Yesterday I had the pleasure of spending a few extra hours with John Hughes. As usual, it has been an impressive learning experience, so I decided - once again - to share some of the highlights from our discussions.

We modeled one of our internal Erlang applications, using a Quickcheck statem. The application was relatively small (i.e. <1000 LOC), it offered a pretty straightforward API and its code was already covered by a fair amount of unit tests, with code coverage surpassing 90%.

As already happened to someone else, I didn’t expect to find too many bugs, if not in the Quickcheck model itself. Once again, Quickcheck proved me to be very wrong, finding five or six corner cases which caused the tests to fail. It also revealed some interesting behaviour for the application which, even if ineherently correct, was not clearly documented.

It took me a couple of days to get familiar with the application and its API, to implement a decent model for it and to wrap up everything into a pull request and into these notes.

So, let’s start go through a couple of learnt lessons.
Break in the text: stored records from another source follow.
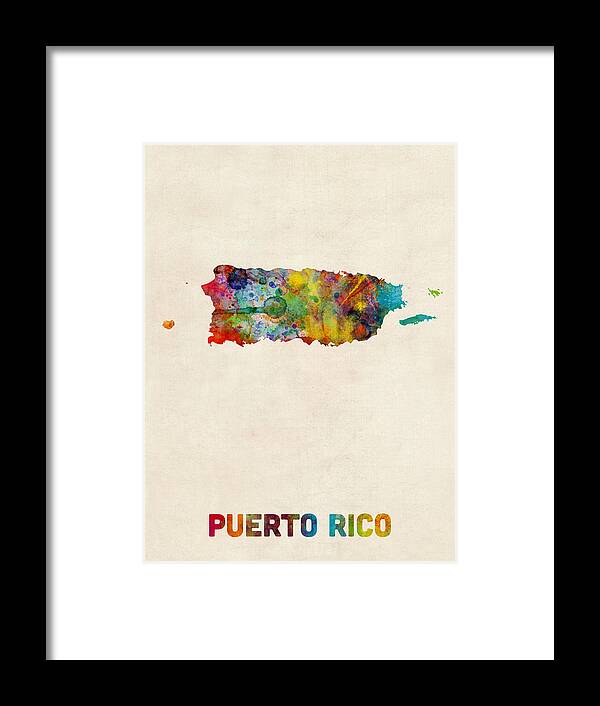 United States Map Framed Print featuring the digital art Puerto Rico Watercolor Map by Michael Tompsett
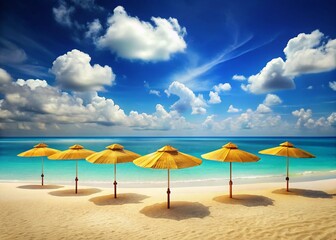 Fototapeta premium Tranquil Beach Paradise with Sunny Umbrellas and Azure Skies
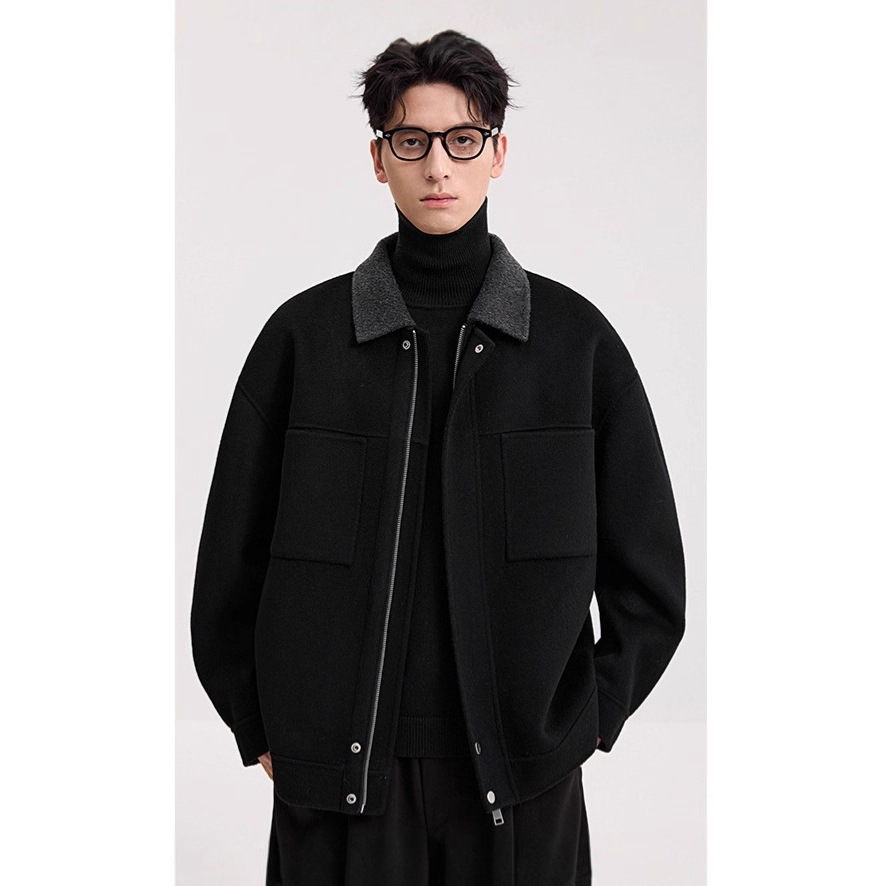 100% Sheep Wool High-End Lapel Double-Sided Woolen Jacket for Men 25 Autum New Casual Versatile Woolen Jacket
Is ‘zero’ a natural number?

There is no universal agreement about whether to include zero in the set of natural numbers. In Erlang QuickCheck, zero is considered a natural number, so it can be generated by the eqc_gen:nat/0 generator. In fact, a nat() normally shrinks to 0. This is easily verifiable by means of the eqc_gen:sampleshrink/1 function which, given a generator G, prints a value generated by G, followed by one way of shrinking it:

> eqc_gen:sampleshrink(eqc_gen:nat()).
3
--> [0,2]
ok
> eqc_gen:sampleshrink(eqc_gen:nat()).
8
--> [0,2,6,7]
ok

If you want to exclude the zero from the possible outcomes, you can define something like:

non_zero_nat() ->
    ?SUCHTHAT(N, eqc_gen:nat(), N > 0).

Code coverage for Erlang Quickcheck

Quickcheck does not provide code coverage information out of the box, so you need to use an external coverage analysis tool such as cover to obtain that piece of information.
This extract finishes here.